Acetaldehyde levels in Regina were lower than what was measured in other studies, where average concentrations ranged from 18.1 to 39.6 μg/m3 [6,22,24,25]. Acetaldehyde in our models was strongly associated with several ventilation parameters, as well as with cooking with oil and cigarette smoke (winter models only). In a study in commercial kitchens in Hong Kong, cooking with oil was associated with higher levels of carbonyls such as formaldehyde, acetaldehyde, and acrolein [30]. As opposed to formaldehyde, our study suggests that acetaldehyde levels in indoor air are more influenced by combustion than off-gassing processes.

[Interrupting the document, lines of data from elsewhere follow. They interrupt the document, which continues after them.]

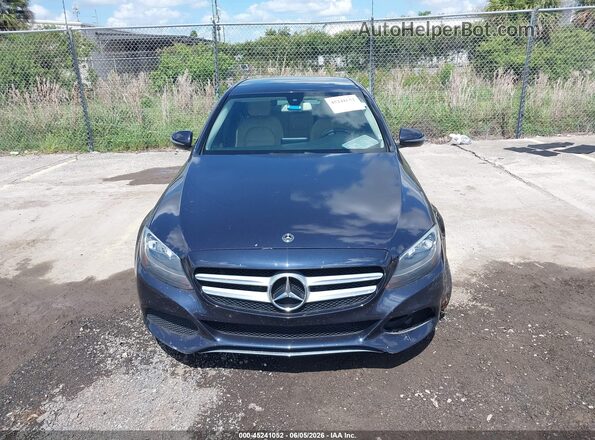 WDDWF4JB4JR326628 2018 MERCEDES-BENZ C-CLASS Dark Blue 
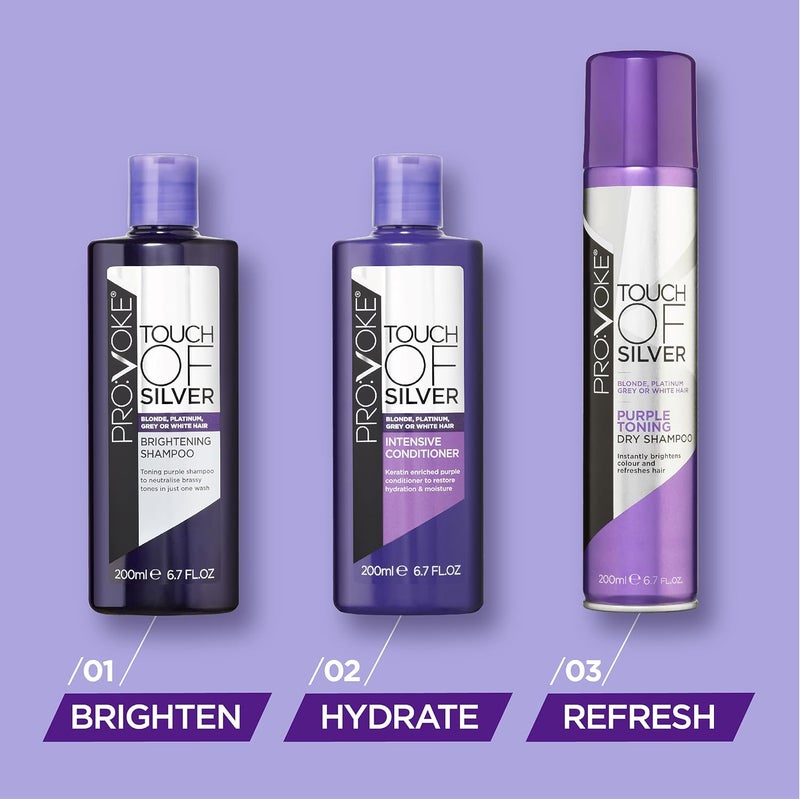 PROVOKE Touch Of Silver Intensive Conditioner for Blonde, Platinum, Grey or White Hair - 150ml - Image 5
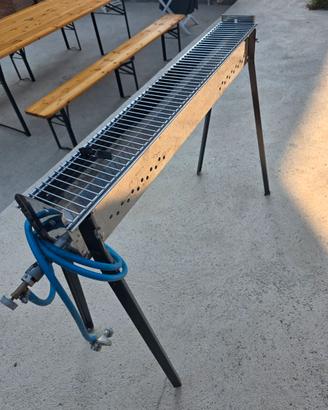 Arrosticini Grill Barbecue con Gas 1m Fornacelle/C
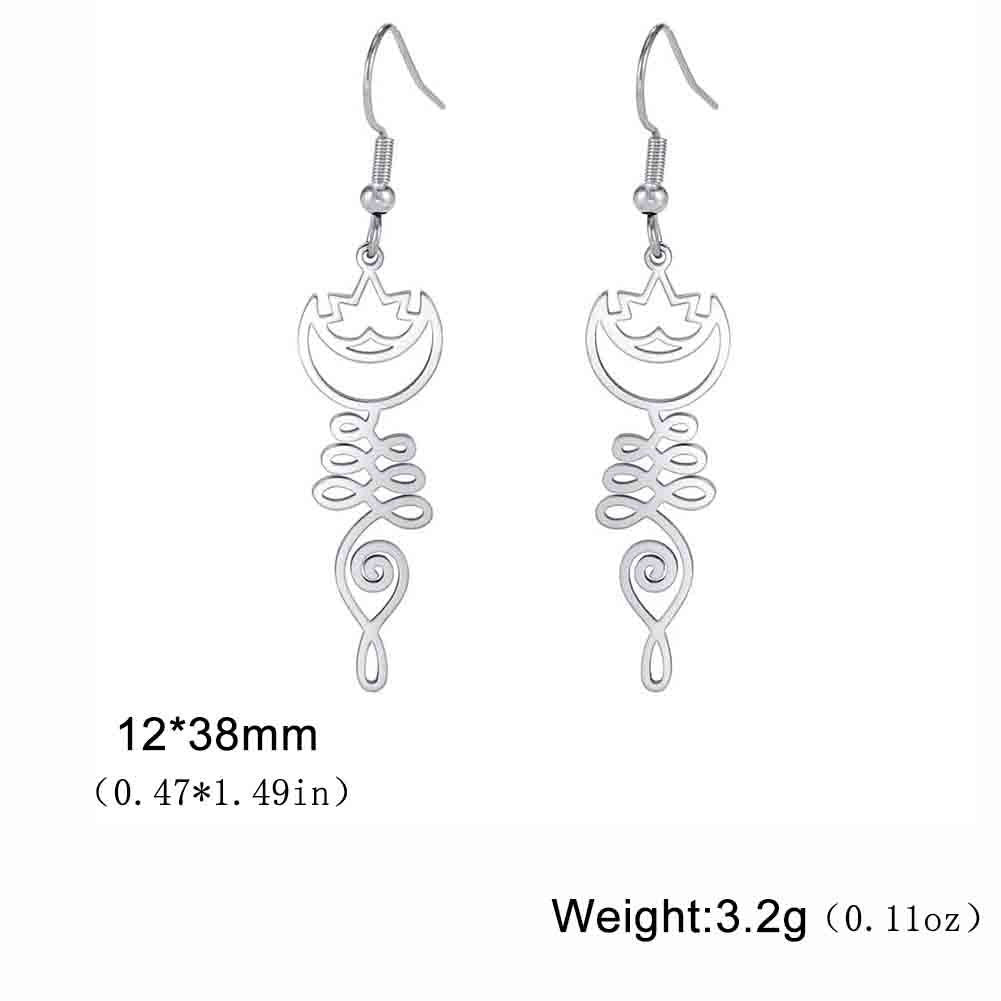 Temperament Wild Simple Moon Ring Earrings - Zambeel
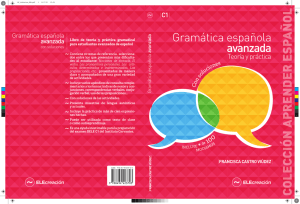 “Gramática española avanzada” en pdf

3.4.4. Fine particulate matter (PM2.5)

For PM2.5, there were 4% and 5% of homes in winter and summer, respectively that were above Health Canada’s acceptable long-term exposure guideline of 40 μg/m3 (minimum sampling period of 24 h) [7]. All homes above that level were homes that reported smoking during sampling. This guideline is currently being revised by Health Canada to take into account new science.
Even with the inclusion of homes with smokers, indoor PM2.5 levels in our study sample were still on the lower end of what has been measured elsewhere in single-family homes, where average levels ranged from 6.7 to 32 μg/m3 [3145]. This could be due in part to the relatively low levels of outdoor PM2.5 in Regina.
Cigarette smoke was an important predictor for PM2.5, especially in the summer, as models including smokers predicted 53% (summer) and 37% (winter), whereas models predicted only 11% (summer) and 37% (winter) of the variability of levels in non-smoking homes. Outdoor particulate matter was associated with increased indoor levels in all models apart from summer non-smoking homes. Interestingly, the use of a barbecue outside of the house increased indoor levels in summer models. Measures of ventilation such as having a vented kitchen fan (winter models for all homes and non-smoking homes) and having a premium filter on the furnace (summer non-smoking homes) decreased indoor PM2.5 levels. The use of candles increased levels in the winter non-smoking model.
Activities such as smoking and burning candles are known sources of indoor PM2.5 [46,47]. Furthermore, ambient particles penetrate indoors very efficiently by infiltration through the building structure, cracks and opened windows, and can lead to increased indoor levels [48,49]. This was also the case in our study for PM2.5 emissions from the use of a barbecue outdoors in the summer [50]. Of interest, practices and technologies aimed at reducing indoor particulate exposure levels, such as the use of a premium filter on the furnace and a vented kitchen fan, seemed to have the expected effect of reducing concentrations in our study sample. This is a relatively new area of research, and only a few studies have characterized the impact of these measures on indoor levels [5153].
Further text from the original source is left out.